Archive for August, 2012

Good riddance, Android USB Utilities

Sunday, August 19th, 2012

My switch from an iPhone to an Android smartphone was motivated in part by the fact that Android permits a device to act like a storage volume (e.g., disk drive). Until a month ago, that worked, but it was awkward, requiring several steps with a setting named “USB Utilities” and the USB cable. As of the current version of the Android operating system, however, just connecting the device to a qualifying computer with the USB cable is enough. The computer recognizes the device, as it would recognize a USB disk or thumb drive. If the computer is a Macintosh, the user must first download and install the Android File Transfer application, but that’s an easy one-time prerequisite.

Another part of the reorganization was to unify the file systems. So, when you plug your device in, you see more directories to read from or write to than was true before.

I mention all this here because I was initially mystified by the change and looked all over for an answer before ultimately telephoning the helpful service folks at CREDO Mobile. So the information could use more exposure, and this posting is one small attempt to provide that.

Charging money for standards

Sunday, August 5th, 2012

The conflict is obvious: Some organizations want everybody to adopt standards, because this makes those organizations more effective. Nonetheless, after collaborating to define and publish standards, such organizations agree to prohibit anybody from getting a copy without paying money for it.
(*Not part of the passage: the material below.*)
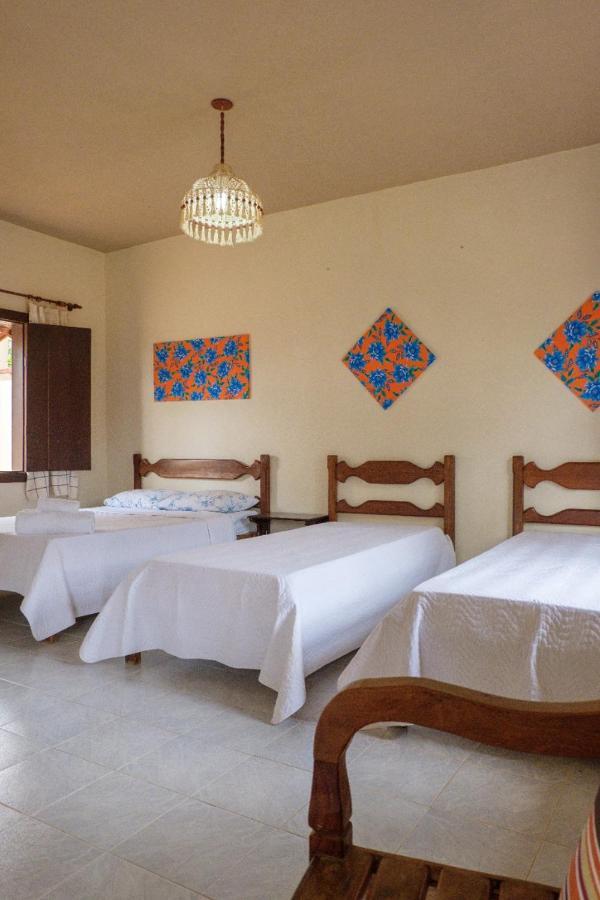 Recanto Das Abelhas - 300 M Do Centro Historico Hotel Тирадентеш Екстериор снимка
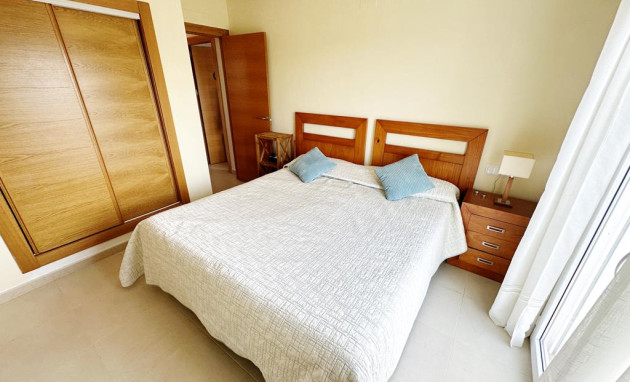 Herverkoop - Apartment - Hacienda Riquelme Golf Resort - Hacienda Riquelme Golf Resort - Centre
Sure, if I can get you to comply with my standard and also to pay me money to discover what my standard is, why not? But the world isn’t so docile. If I charge you money to see my standard, you are likely to decline the offer and thus ignore and violate the standard.

17 years ago experts were complaining about this conflictual practice of computing-standard creators. And they were only echoing an argument that has been made in the courts since the 19th century: It is in the public interest for the law to be known by all, so that it can be obeyed by all; therefore, the authors of texts that are incorporated into laws may not prohibit, or charge money for, the duplication of those texts. See Veeck v. Southern Building Code Congress International, Inc., for a 2002 statement of that argument.

Today the International Organization for Standardization (ISO) continues to finesse this issue by claiming, with no substantiation, that it can (1) limit the distribution of its standards by charging money for copies and enforcing copyrights while (2) “making sure standards are implemented as widely as possible”.

Nonsense. ISO’s conduct fits a different model: It’s a consortium (or perhaps cartel) of members who derive competitive advantage from their compliance with a standard, and are therefore willing to pay the price of access to (and, indeed, participation in the creation of) that standard. You don’t directly comply with the standard; instead, you buy standard-compliant products from consortium members and thereby enjoy the benefits of interoperability among those members’ products. You don’t need or want to know what the standard is or how it works.

Nonetheless, groups without any obvious competitive purposes (such as linguists who promote uniform language-documentation practices) continue to seek ISO sponsorship of their standards. Doesn’t this status, which prohibits the open publication of the standards, do them more harm than good?